Por último, está la irracionalidad con que se trata a los líderes sociales. Lejos de respetarlos y de tratar de entender sus razones, se los insulta y amenaza culpándolos de la inconformidad social y de “vividores y chantajistas” que, a pretexto de luchar por los pobres, se enriquecen a su costa. En una pirueta de irracionalidad increíble, convierten a la medicina en la causa de la enfermedad y la muerte del enfermo, y el trato que se da a los dirigentes antorchistas en todo el país me exime de más pruebas al respecto.
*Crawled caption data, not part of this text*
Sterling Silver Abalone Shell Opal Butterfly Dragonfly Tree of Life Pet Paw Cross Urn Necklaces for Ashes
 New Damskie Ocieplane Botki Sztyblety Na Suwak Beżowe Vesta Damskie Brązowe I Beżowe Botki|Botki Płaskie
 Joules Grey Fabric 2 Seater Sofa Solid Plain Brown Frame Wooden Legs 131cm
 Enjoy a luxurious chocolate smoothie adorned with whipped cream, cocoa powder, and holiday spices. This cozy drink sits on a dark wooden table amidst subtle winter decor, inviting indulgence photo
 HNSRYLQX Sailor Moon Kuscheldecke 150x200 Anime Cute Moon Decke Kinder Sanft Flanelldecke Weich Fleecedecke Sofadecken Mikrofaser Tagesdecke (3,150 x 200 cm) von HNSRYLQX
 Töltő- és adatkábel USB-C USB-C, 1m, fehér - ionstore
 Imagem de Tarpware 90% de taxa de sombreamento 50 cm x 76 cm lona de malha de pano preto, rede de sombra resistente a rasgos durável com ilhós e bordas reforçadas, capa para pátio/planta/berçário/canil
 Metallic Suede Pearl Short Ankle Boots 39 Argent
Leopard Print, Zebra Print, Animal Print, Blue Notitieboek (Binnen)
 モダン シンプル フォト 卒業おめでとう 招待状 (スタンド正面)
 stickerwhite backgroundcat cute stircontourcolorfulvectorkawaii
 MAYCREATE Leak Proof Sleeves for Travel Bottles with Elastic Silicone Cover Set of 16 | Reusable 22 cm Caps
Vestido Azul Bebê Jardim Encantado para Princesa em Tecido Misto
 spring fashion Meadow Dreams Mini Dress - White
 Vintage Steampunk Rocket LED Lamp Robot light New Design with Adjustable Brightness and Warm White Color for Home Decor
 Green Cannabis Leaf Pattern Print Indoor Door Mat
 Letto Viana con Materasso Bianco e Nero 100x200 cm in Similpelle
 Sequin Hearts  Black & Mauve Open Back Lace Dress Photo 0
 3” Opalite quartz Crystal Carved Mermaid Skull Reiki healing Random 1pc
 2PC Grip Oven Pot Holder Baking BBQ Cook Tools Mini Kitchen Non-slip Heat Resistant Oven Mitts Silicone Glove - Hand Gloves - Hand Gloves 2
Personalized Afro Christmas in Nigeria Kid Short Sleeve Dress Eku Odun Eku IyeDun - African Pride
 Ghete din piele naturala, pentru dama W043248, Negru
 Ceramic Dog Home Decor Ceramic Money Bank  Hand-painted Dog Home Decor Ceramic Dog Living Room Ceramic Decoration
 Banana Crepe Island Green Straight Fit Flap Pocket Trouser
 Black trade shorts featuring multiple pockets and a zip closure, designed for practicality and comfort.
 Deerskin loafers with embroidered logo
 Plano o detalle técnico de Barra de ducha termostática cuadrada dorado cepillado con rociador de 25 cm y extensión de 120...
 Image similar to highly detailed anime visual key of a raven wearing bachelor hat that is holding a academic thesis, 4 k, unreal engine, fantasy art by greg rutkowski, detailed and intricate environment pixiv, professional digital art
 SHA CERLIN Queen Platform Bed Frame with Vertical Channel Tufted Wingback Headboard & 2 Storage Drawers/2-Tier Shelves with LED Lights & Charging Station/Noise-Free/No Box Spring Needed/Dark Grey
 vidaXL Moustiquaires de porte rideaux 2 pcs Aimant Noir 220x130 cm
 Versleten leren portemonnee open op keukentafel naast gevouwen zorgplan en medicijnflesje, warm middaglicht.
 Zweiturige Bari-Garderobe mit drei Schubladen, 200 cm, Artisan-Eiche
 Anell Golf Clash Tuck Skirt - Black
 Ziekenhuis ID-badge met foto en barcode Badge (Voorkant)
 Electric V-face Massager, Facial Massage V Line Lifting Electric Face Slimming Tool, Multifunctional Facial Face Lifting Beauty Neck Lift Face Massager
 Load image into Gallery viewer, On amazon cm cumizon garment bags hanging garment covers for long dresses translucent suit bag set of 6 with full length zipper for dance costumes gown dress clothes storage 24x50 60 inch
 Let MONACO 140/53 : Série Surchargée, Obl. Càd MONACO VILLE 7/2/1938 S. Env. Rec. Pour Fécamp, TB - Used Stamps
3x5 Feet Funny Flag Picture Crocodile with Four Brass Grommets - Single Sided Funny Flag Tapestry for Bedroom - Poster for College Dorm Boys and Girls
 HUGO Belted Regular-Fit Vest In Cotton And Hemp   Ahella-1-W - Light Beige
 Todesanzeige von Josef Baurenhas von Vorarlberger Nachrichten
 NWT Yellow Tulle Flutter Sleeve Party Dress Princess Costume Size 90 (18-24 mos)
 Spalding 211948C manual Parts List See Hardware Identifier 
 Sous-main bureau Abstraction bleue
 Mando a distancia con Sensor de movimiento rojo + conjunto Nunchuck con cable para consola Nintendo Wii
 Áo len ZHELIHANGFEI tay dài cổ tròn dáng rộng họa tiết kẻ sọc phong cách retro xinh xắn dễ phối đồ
En éste contexto es como se explica el caso Sinaloa: detrás del plantón están casi dos años de sordera oficial para atender la demanda de 300 familias sin techo. No hace ni una semana que supimos la inaudita noticia de que, una manifestación convocada por el Ayuntamiento de Apatzingán, Michoacán, en demanda de seguridad, se convirtió espontáneamente en apoyo a un “capo de la droga” (así lo llamó el gobierno) recientemente abatido por la fuerza pública. Todos los medios informativos se escandalizaron por el hecho y se preguntaron angustiados qué está pasando en el país. Creo que están, que estamos en lo correcto todos los que vemos en esto un signo ominoso, peligroso en extremo para el futuro de nuestra democracia. Pero lo que ya no me parece tan justificado es el desconcierto y la duda sobre las causas del fenómeno: es la política de inequidad social, de menosprecio y represión a las demandas populares por parte de los gobernantes, lo que está ocasionando este vuelco de la opinión pública, y lo que pasa en Sinaloa es un pequeño botón de muestra. El que tenga oídos para oír, que oiga.